Marc Pion

Personal information
- Nationality: Canadian
- Born: 3 April 1996 (age 30) Montreal, Quebec
- Height: 6 ft 0 in (183 cm)
- Weight: 195 lb (88 kg; 13 st 13 lb)

Sport
- Position: Defense / Midfield
- Shoots: Left
- Coached by: McGill University
- NCAA team: Harvard University Johns Hopkins University
- NLL draft: 59th overall, 2020 Philadelphia Wings

Career highlights
- 2018 Big Ten Champion ; Academic All-Big Ten;

= Marc Pion =

Canadian lacrosse player

Marc-Antoine Pion-Frégeau (born 3 April 1996) is a Canadian former professional lacrosse player with the Philadelphia Wings of the National Lacrosse League (NLL). He played collegiately for Harvard University and Johns Hopkins University before being drafted by Philadelphia in the fourth round, 59th overall, in the 2020 NLL Entry Draft.

== Playing career ==

=== Early career ===
Pion was born in Montréal, Quebec, and attended Collège Jean-de-Brebeuf. During international competition, he gained recognition as one of Canada's leading defensemen. He then spent two years at IMG Academy in Bradenton, Florida, where he was named a USA Lacrosse All-American and Under Armour All-American. In 2014, he committed to Harvard University.

=== Collegiate ===
In 2015, Pion joined the Harvard Crimson, becoming the first Québécois NCAA Division I lacrosse player. He was ranked the #51 freshman and #13 defenseman in the nation. After suffering repeated season-ending injuries, he maintained three years of NCAA eligibility.

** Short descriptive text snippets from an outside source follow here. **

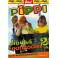 Pippi dlouha punčucha 2 DVD
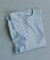 コットンスムースショートスリーブ Tシャツ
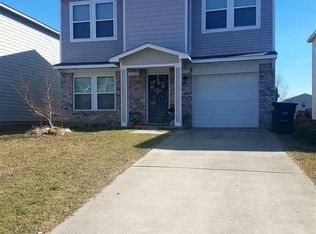 123 Blackwell Ct, Owens Cross Roads, AL 35763
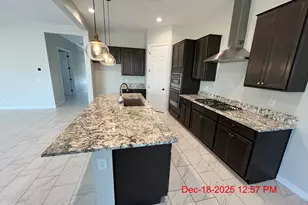 12716 W McLellan Rd, Glendale, AZ 85307 - Photo 19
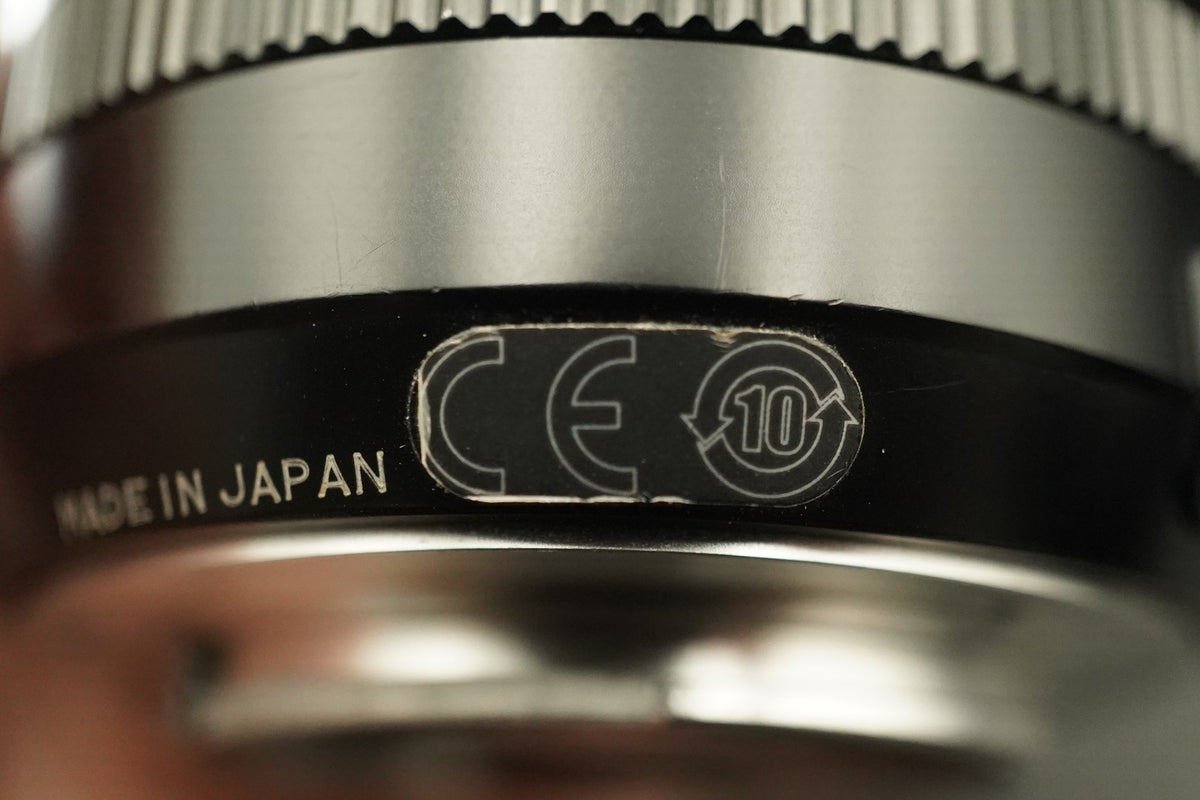 Fujifilm FUJINON XF10-24mm F4 R OIS Lens X Mount US STOCK #12330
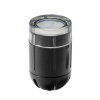 Lightpro led tuinspot, type Onyx 20 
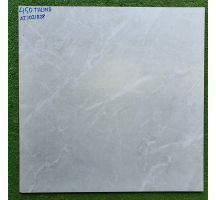 Gạch lát nền 60x60 giá rẻ, gạch cao cấp 60x60 giá rẻ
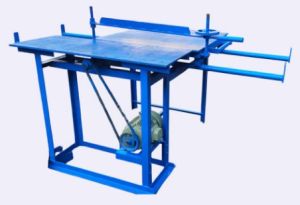 Core Cutting Machine for Asphalt, Masonry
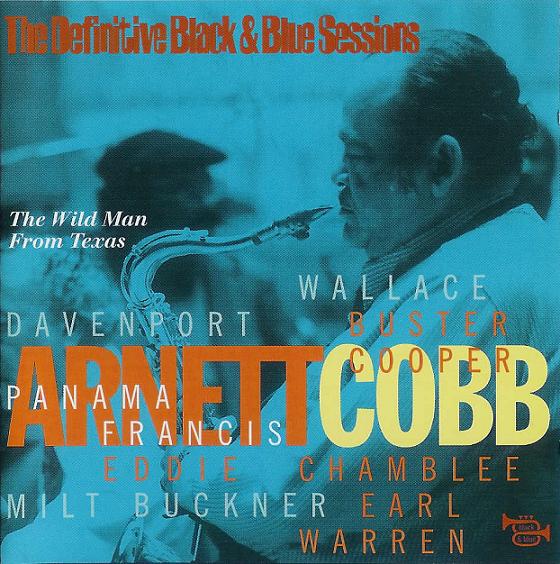Copy_of_Arnett_Cobb.The_Wild_Man_From_Texas.front.jpg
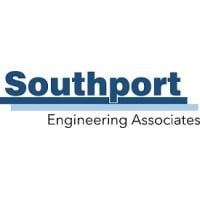 Southport Engineering Associates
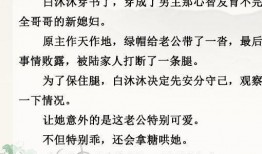 小说推文吃瓜执念全文免费阅读,一场跨越时空的甜蜜复仇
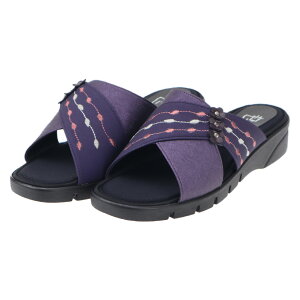 yڐG⊴zC`}c 2515 p[v lEV fB[X wl ̓ Mtg Y wbv i  OΉ O󂫃T_ 4E R hL NEUSHI E^ ItBX ԕ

After Harvard, Pion played two seasons for the Johns Hopkins University Blue Jays, appearing in 14 games and winning the 2018 Big Ten Championship. At Johns Hopkins, he was named a two-time Academic All-Big Ten honoree and Presidential Fellow.

=== Professional ===
Pion was selected in the fourth round, 59th overall by the Philadelphia Wings in the 2020 NLL Entry Draft. He signed an entry-level contract with the Wings in October 2020. He then re-signed with the Wings for a one-year contract in June 2021 and was selected to the Wings' final roster following training camp.

He has served as Assistant Coach of the McGill University men's lacrosse team since 2023.

== Personal life ==
In 2024, it was announced that he was elected a Senior Researcher and Honorary Fellow of the Policy Insights Forum, a Canadian think tank. He also serves as Vice President of Corporate Affairs for NATO's Transatlantic Emerging Leaders program.